Eventually, you kick out from the girder, letting that grip relax. The rope flows through your hand, and you're falling free, tied to the impossibly solid structure of the bridge but somehow disconnected from it, nothing within the reach of arms or legs until, fifty metres of grinning like a lunatic later, your feet find their way to Queensferry Beach. It's only then that you remember to breathe.



For those wondering what I'm wittering on about, about six weeks back I was avoiding work by looking around the Facebook marketplace for an mp3 player, and the next thing I knew I'd agreed to abseil off the Forth Rail Bridge for NCH, the children's charity. Despite (or perhaps because) of having never abseiled before, nor having seen the Bridge up close, this seemed like a great idea at the time. Much of my family were less convinced of the sanity of this project (using the phrase 'jumping off a bridge' didn't help), but fellow students and noders offered plenty of encouragement, clearly less concerned about (or perhaps hoping for) potential spectacular injury.

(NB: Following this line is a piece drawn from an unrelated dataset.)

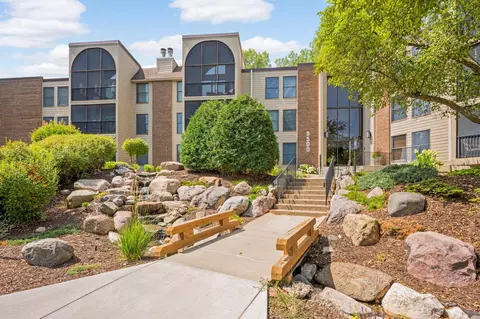9500 Collegeview Rd #214, Bloomington, MN 55437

The first month or so, the fundraising campaign required more attention than the practicalities of what I'd actually signed up for. The week before, I subjected myself to the misery of public transport on a Sunday to scout out the location, catching a train to Inverkeithing and across the bridge itself for the first time. Despite the workmen repairing the vast patches of rust and peeled paint, the overwhelming impression was of stability, the iconic central sections helpfully dwarfing the viaduct from which I would be falling.

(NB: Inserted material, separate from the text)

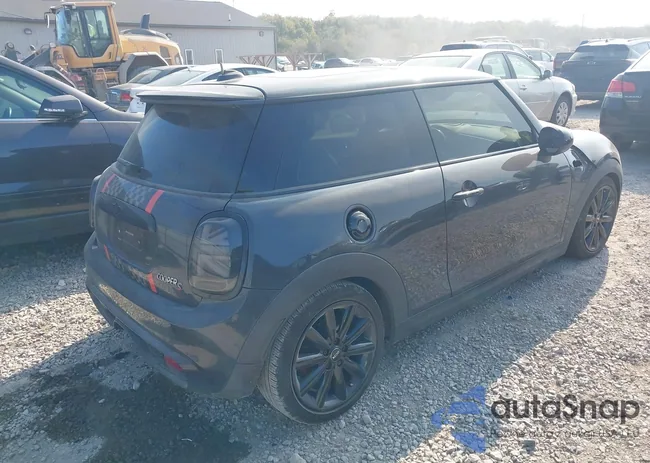 WMWXP7C54F2A60998: 43547628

Today, from the perspective of the shore rather than the elevated railway, that drop doesn't seem so small. A participant abseiling head-first, screaming all the way, does not build confidence in the waiting room prior to kitting up. Don't look down is the obvious but impossible advice offered on dealing with the long walk out to the ropes. Passing through usually restricted areas gives a glimpse into the inner workings of network rail and this magnificient structure; just short of a hundred steps transport you from street level to a service walkway, under the tracks themselves. The views from here of the Forth of Firth and the underbelly of the bridge are breathtaking- the view straight down through the metal grille of the walkway are too, but on account of apprehension rather than any aesthetic quality. A train passes overhead, unseen but felt, showering rust. For each of the three sections we hesitantly walk along, we have to be clipped to a cable, lest mishap or madness sends us over the side. From that last cable, we are transferred to the safety rope, and invited to step over the side.



In the adrenaline rush of landing it's easy to forget that today wasn't, ultimately, for me. Through this stunt I was able to raise over £200 for NCH, and many thanks to the noders who contributed. The day as a whole must have raised thousands, with a steady stream of people from all walks of life - many scared of heights to boot - taking that step over the edge for their charity of choice. But you can do something equally amazing, just by giving something - anything - to a good cause today. What's holding you back?